Het zevende lid regelt dat de cliëntenraad op onderdelen om nadere informatie kan verzoeken. Wanneer er bijvoorbeeld zaken onduidelijk zijn of zeer complex, kan de cliëntenraad zowel bij de Sociale Dienst Drechtsteden als via een externe expert aanvullende informatie inwinnen om zo een goed advies op de materie uit te kunnen brengen.

 

Dit artikel (achtste en negende lid) regelt tevens uitdrukkelijk dat de cliëntenraad geen bevoegdheid heeft in individuele- en uitvoeringsvraagstukken. Ook wanneer de Drechtsteden geen beleidsvrijheid hebben bij het uitvoering geven aan wetgeving, adviseert de cliëntenraad niet.

 

Artikel 3 Samenstelling

Omdat het niet mogelijk is om alle personen persoonlijk te betrekken bij het beleid ligt het voor de hand een cliëntenraad samen te stellen die bestaat uit vertegenwoordigers van de doelgroepen zelf of vertegenwoordigers uit belangenorganisaties (lid 1 en 2).

De leden van de cliëntenraad worden benoemd door het Drechtstedenbestuur. Hiertoe draagt de cliëntenraad kandidaten voor (zesde lid).

 

Artikel 4 De voorzitter en artikel 5 zittingsduur

Er is uitdrukkelijk gekozen voor een onafhankelijke voorzitter, zonder stemrecht.

Alle leden worden benoemd voor een periode van telkens 4 jaar, met een maximum van 8 jaar. In dit artikel wordt tevens geregeld hoe een lid van de cliëntenraad zijn lidmaatschap neer kan leggen of verliezen.

 

Artikel 6 vergaderingen, vergaderorde en besluitvorming en artikel 7 overleg tussen de Sociale Dienst Drechtsteden en de cliëntenraad

In artikel 7 is bepaald hoe vaak het periodiek overleg tussen de cliëntenraad en de directie van de SDD en de portefeuillehouder moet plaatsvinden. Voorts is bepaald hoe de cliëntenraad zelf zorg draagt voor het uitbrengen van een advies aan het Drechtstedenbestuur.
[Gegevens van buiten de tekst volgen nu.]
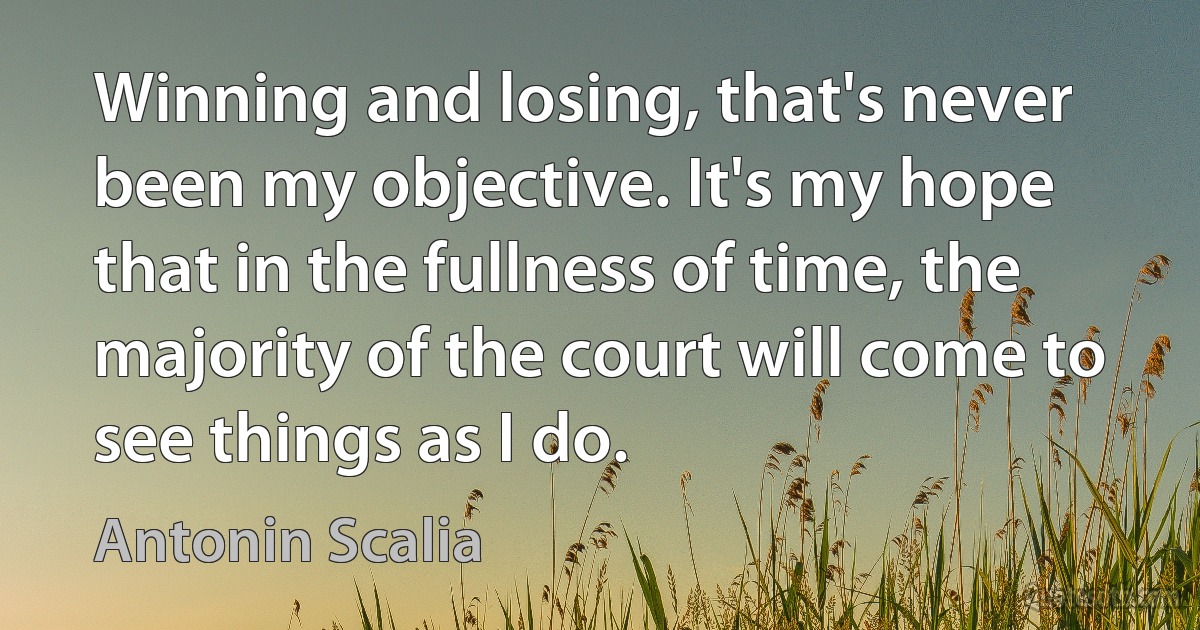 Winning and losing, that's never been my objective. It's my hope that in the fullness of time, the majority of the court will come to see things as I do. (Antonin Scalia)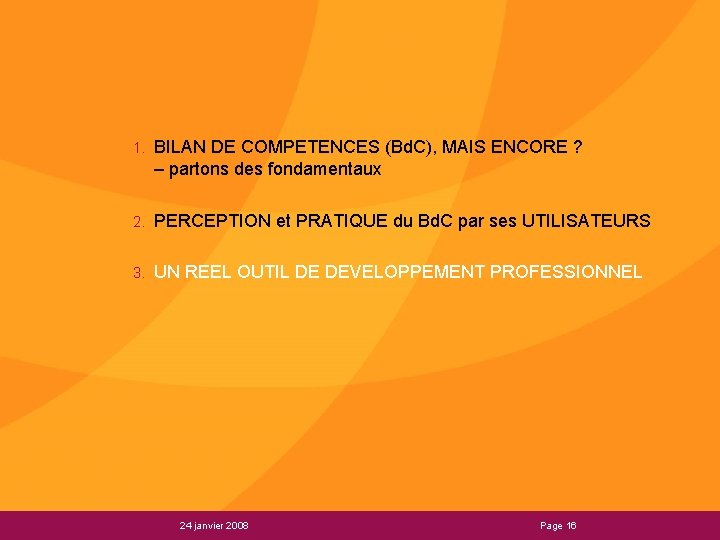 1. BILAN DE COMPETENCES (Bd. C), MAIS ENCORE ? – partons des fondamentaux 2.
Bij de vergaderingen met de directie en/of de portefeuillehouder is een ambtelijk secretaris aanwezig die zorgt voor de agenda en verslaglegging.

 

Artikel 8 Facilitering en financiële middelen en Artikel 9 rekening en verantwoording

De cliëntenraad moet jaarlijks, voor 1 oktober, een begroting ter goedkeuring indienen. Ook moet de cliëntenraad jaarlijks achteraf verantwoording afleggen over de besteding van de middelen, zoals vastgelegd in artikel 9.

Het budget is ter besteding van de cliëntenraad. Ten laste hiervan kunnen onder meer kosten worden gebracht die verband houden met deskundigheidsbevordering, het inwinnen van advies, achterbanraadpleging en organisatiekosten.

 

Artikel 10 Zorgplicht

Dit artikel borgt expliciet dat (oud)leden van de cliëntenraad niet anders dan andere cliënten van de Sociale Dienst Drechtsteden worden behandeld en bejegend door de SDD.

 

Artikel 11 Evaluatie

Dit artikel behoeft geen verdere toelichting

 

Artikel 12 Onvoorziene gevallen

Dit artikel behoeft geen verdere toelichting

 

Artikel 13 Intrekken oude verordening

De bestaande verordening ‘cliëntenparticipatie Werk en Bijstand Drechtsteden’ wordt ingetrokken met de inwerkingtreding van deze verordening.

Artikel 14 Inwerkingtreding

Deze verordening treedt in werking op 1 januari 2015. Aangezien er geen inhoudelijke wijzigingen zijn ten opzichte van de vastgestelde verordening ‘cliëntenparticipatie Werk en Bijstand Drechtsteden’ zijn er geen overgangbepalingen van toepassing.